The next thing you have to do is define your function. the function below, called my_fun takes as input a list of voxels, calculates the mean, raises it to the 15th power, then returns the output.

my_fun = function(vox_dat){
    mew = mean(vox_dat)
    out = (mew+1)^15
    return(out)
}

After defining the function, you need to call it in qMincApply. Here we pass qMincApply several important variables: data$file : this is the data frame specifying the column that has the paths to the minc files. fun = my_fun : This points to the function we previously defines mask = averagemask : This specifies the mask within which we would like to include the voxels in our analysis. wait = FALSE : This is an important thing to include when running the function on Trillium/scinet. If you exclude it, jobs will be submitted to the cluster, then qMincApply will try to reduce the outputs of these jobs to a collated object in R, even if the jobs haven't finished running yet! by setting wait = FALSE, we allow the jobs to be queued and run. By default, this command will create 4 jobs of 15 minutes each. For bigger jobs, see the section below on Timing and Scheduling qMincApply Jobs.

qMincApply(data$file, fun = my_fun, mask = averagemask, wait = FALSE)

If you are on Trillium/scinet, after you submit the jobs with qMincApply, you can check their status in a terminal with sq. Once the jobs have finished, run the following code to automatically reduce and collate the output into an object:

qminc_test <- qMincReduce(batchtools::getDefaultRegistry(), collate = simplify2minc)

This code creates an object called qminc_test. If you look at its structure, you should see something like the following:

str(qminc_test)
 'mincSingleDim' Named num [1:5429424] 0 0 0 0 0 0 0 0 0 0 ...
 - attr(*, "names")= chr [1:5429424] "inds" "vals" NA NA ...
 - attr(*, "filenames")= chr [1:165] "resample_dbm_full_smooth_mncl/MCH_NEO_THC_01_01_10_1-2-1_fix_lsq6_manual_extracted_fwhm_4vox.mnc" "resample_dbm_full_smooth_mncl/MCH_NEO_THC_01_01_03_1-2-1_fix_lsq6_manual_extracted_fwhm_4vox.mnc" "resample_dbm_full_smooth_mncl/MCH_NEO_THC_01_01_05_1-2-1_fix_lsq6_manual_extracted_fwhm_4vox.mnc" "resample_dbm_full_smooth_mncl/MCH_NEO_THC_01_01_07_1-2-1_fix_lsq6_manual_extracted_fwhm_4vox.mnc" ...
 - attr(*, "likeVolume")= chr "resample_dbm_full_smooth_mncl/MCH_NEO_THC_01_01_10_1-2-1_fix_lsq6_manual_extracted_fwhm_4vox.mnc"
 - attr(*, "mask")= chr "/scratch/lanicupo/neonate_power/mncl2_investigation/voxelwise/data/pMincMask429ee7588d27c.mnc"
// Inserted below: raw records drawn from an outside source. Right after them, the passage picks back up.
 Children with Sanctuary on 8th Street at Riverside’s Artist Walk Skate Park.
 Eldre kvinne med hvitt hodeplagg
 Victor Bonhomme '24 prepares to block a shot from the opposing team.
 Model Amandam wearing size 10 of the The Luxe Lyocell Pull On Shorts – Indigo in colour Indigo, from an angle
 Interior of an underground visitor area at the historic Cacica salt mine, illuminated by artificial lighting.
It is a minc object and can be written out into a minc like this:

mincWriteVolume(qminc_test, "my_fun_minc.mnc", like.filename = averagemask)
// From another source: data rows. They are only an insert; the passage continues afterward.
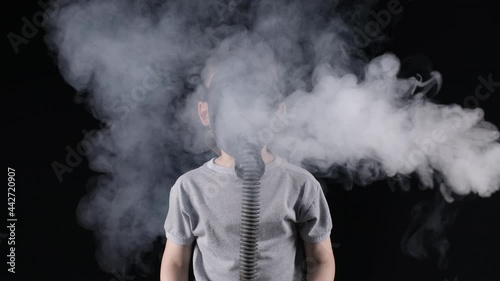 Video of five-year-old boy in gas mask on black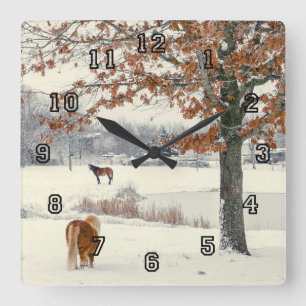 Pony and horse in snow by a lake clock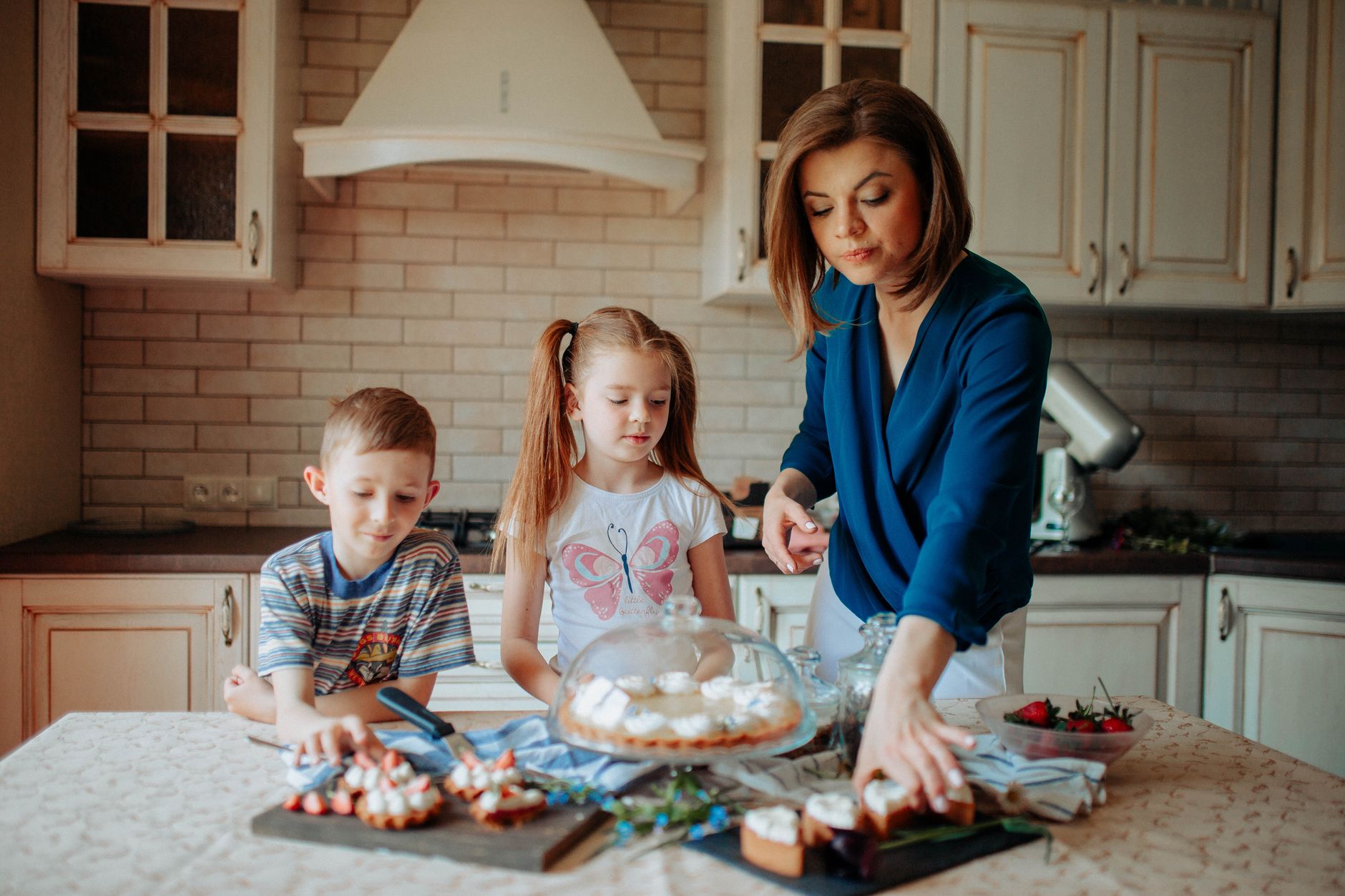 A mother and children baking in a kitchen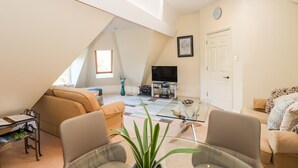 A spacious loft with a high ceiling, a TV, a dining area, and a cozy seating arrangement. - Loughrigg Suite (Ambleside)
If you are having any problems with qMincReduce, see the section below on some useful tools.

Now, we can visualize it in tools like Display or register from the terminal:

Timing and Scheduling qMincApply Jobs on Trillium

By default, the walltime requested by qMincApply is 15 minutes, but if you want to increase it, you can do so by setting the resources parameter.

qMincApply(data$file, 
    fun = my_fun, 
    mask = averagemask, 
    # Set walltime as 1 hours (3600 seconds)
    resources = list(walltime = 3600), 
    wait = FALSE)

As noted in the comment, the time is measured in seconds, so if you want to give your job an hour, give it 3600 seconds (60 minutes X 60 seconds = 3600). If you want to give it 1:30, set it to 5400, and so forth.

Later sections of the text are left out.